蛍光X線ホログラフィー法によりリラクサー強誘電体の局所構造の3次元可視化に成功 - 新規高機能誘電・圧電材料実現へのブレークスルー - (プレスリリース)
- 公開日
- 2014年04月22日
- BL22XU(JAEA 量子構造物性)
独立行政法人日本原子力研究開発機構
国立大学法人東北大学金属材料研究所
公立大学法人広島市立大学
国立大学法人熊本大学
発表のポイント
• 原子分解能を持つ蛍光X線ホログラフィー法を不均質系結晶に初めて応用
• 高誘電率・圧電係数を示すリラクサー強誘電体の局所構造の3次元可視化に初めて成功
• 不均質系結晶の局所構造解析を強力に押し進め、新規材料開発に期待
独立行政法人日本原子力研究開発機構(理事長 松浦祥次郎。以下「原子力機構」という。)の胡雯(Hu Wen)博士研究員、国立大学法人東北大学(総長 里見進)金属材料研究所の林好一准教授を中心とする研究グループは、公立大学法人広島市立大学(学長 青木信之)、国立大学法人熊本大学(学長 谷口功)との共同研究により、蛍光X線ホログラフィー法※1を用い、リラクサー強誘電体※2の局所的な原子配列(構造)を立体的(3次元的)に明らかにすることに初めて成功しました。 書誌情報: |
研究開発の背景と目的
我が国が推進するグリーンイノベーションの重要課題のひとつに、エネルギー利用の高効率化・スマート化を促す新規デバイス材料の開発があります。新規材料開発には機能発現にかかわる詳細な原子レベルの構造評価が欠かせません。しかし現在、特に局所的な構造を調べる方法論が完全には確立しておりません。
リラクサー強誘電体Pb(Mg1/3Nb2/3)O3に代表される鉛複合ペロブスカイト※3酸化物強誘電体は誘電係数や電圧係数が非常に高いことから、既に実用材料として市場に供されています。しかし、原子レベルで極めて不均質であることから局所構造の詳細な研究が困難であり、その高機能物性の起源は解明されておりません。また、毒性を持つ鉛を含むことから非鉛材料の開発が急務となっています。以上のような観点から、詳細な局所構造研究の重要性が増しています。
本研究では、局所構造を調べる手段として蛍光X線ホログラフィー法に注目しました。一般に良く使われるEXAFS※4やPDF※5法が原子間距離のみの情報を与えるのに対し、蛍光X線ホログラフィー法は原子間距離に加えて方向も含めた3次元的な原子配置情報を与えますので、構造を詳細に知ることができます。

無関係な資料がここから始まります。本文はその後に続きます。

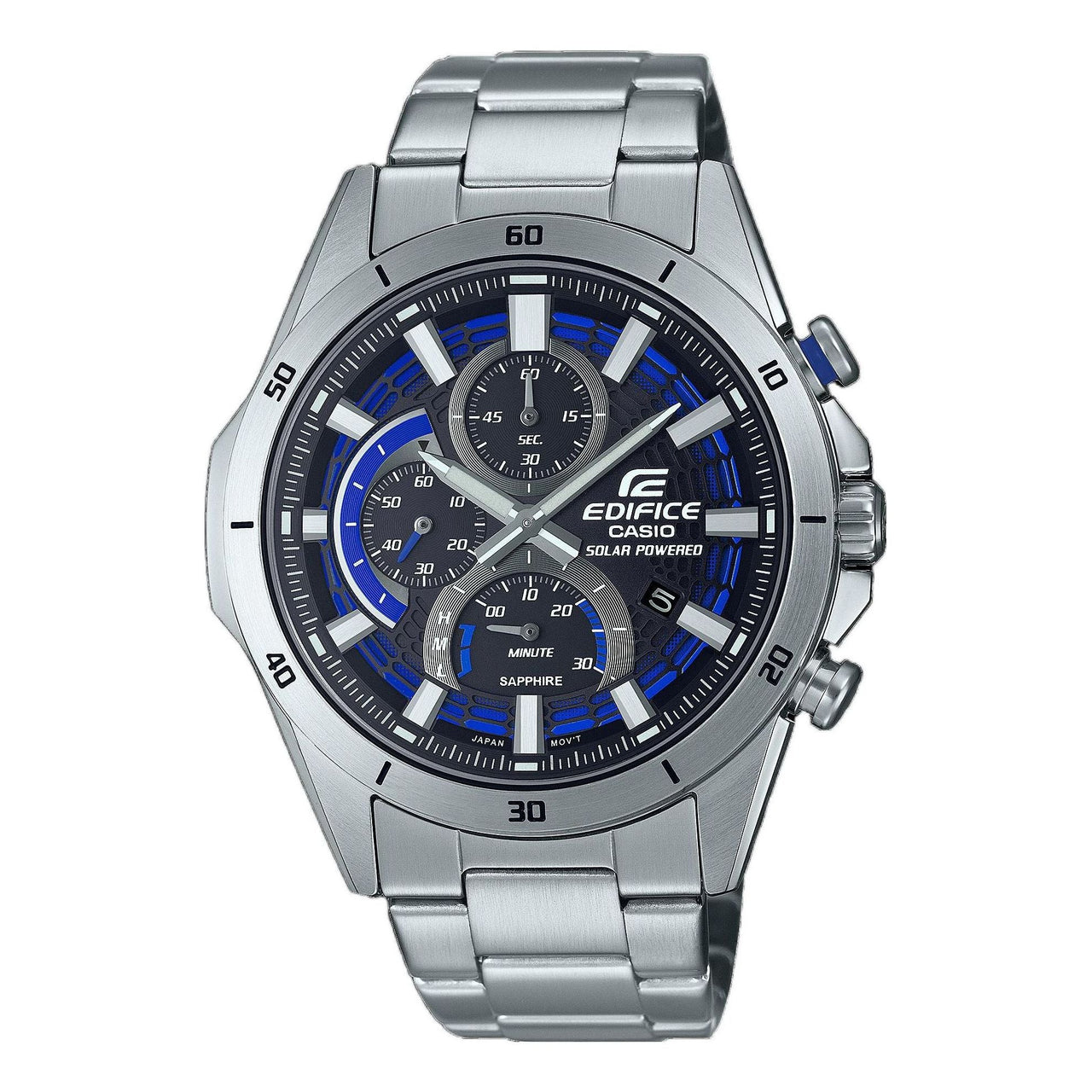 CASIO Waterproof Sports EDIFICE Solar Powered Mens Silver Analog EFS-S610D-1AV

今回の目的は、蛍光X線ホログラフィー法を世界で初めてリラクサー強誘電体Pb(Mg1/3Nb2/3)O3に応用し、鉛複合ペロブスカイト酸化物の高機能物性を生み出す原子レベルでの3次元的局所構造を解明すると共に、不均質系結晶への同手法の有用性を示すことにありました。
研究の手法
大型放射光施設SPring-8※6の原子力機構専用ビームラインBL22XUに蛍光X線ホログラフィー法の装置群を設置して実験を行いました。図1に実験方法の概略を示します。結晶方位(φ軸、θ軸)を変えつつ、ニオブ原子(Nb)や、鉛原子(Pb)由来の蛍光X線に注目したホログラム※1を記録し、ニオブ原子、鉛原子を中心とした三次元原子像を再生しました。
結晶に対する入射X線の方向をθ、φ軸回転で制御することにより、3次元的な蛍光X線ホログラムを計測します。
得られた成果
図2(a)にニオブ原子を中心とした3次元原子像を示します。ニオブ原子を起点にした場合に周りの原子が相対的にどのように配置しているかをあらわしており、結晶中のすべてのニオブ原子周りの情報が重ね合わされて表示されています。図2(b)は理想的なペロブスカイト構造を示します。両者を比較して一番異なるところは鉛原子の位置(の分布)の大きな分裂です。解析の結果から、これら分裂は対角方向(4つあるうちのどれか一方向)に引き伸ばされた扁長菱面体※7、圧縮された扁平菱面体※7が結晶内に広く分布していることに由来することが明らかとなりました。
酸素原子(O:青色)、鉛原子(Pb:赤色)が観測されました。また、原点となるニオブ原子位置(緑)を示します。緑色の格子は各辺0.405ナノメートル(1ナノメートルは髪の毛の幅の約10万分の1)。(b) 理想的なペロブスカイト構造を示します。これと比較すると(a)では鉛原子の位置(の分布)が対角<111>方向に大きく分裂していることが確認できます。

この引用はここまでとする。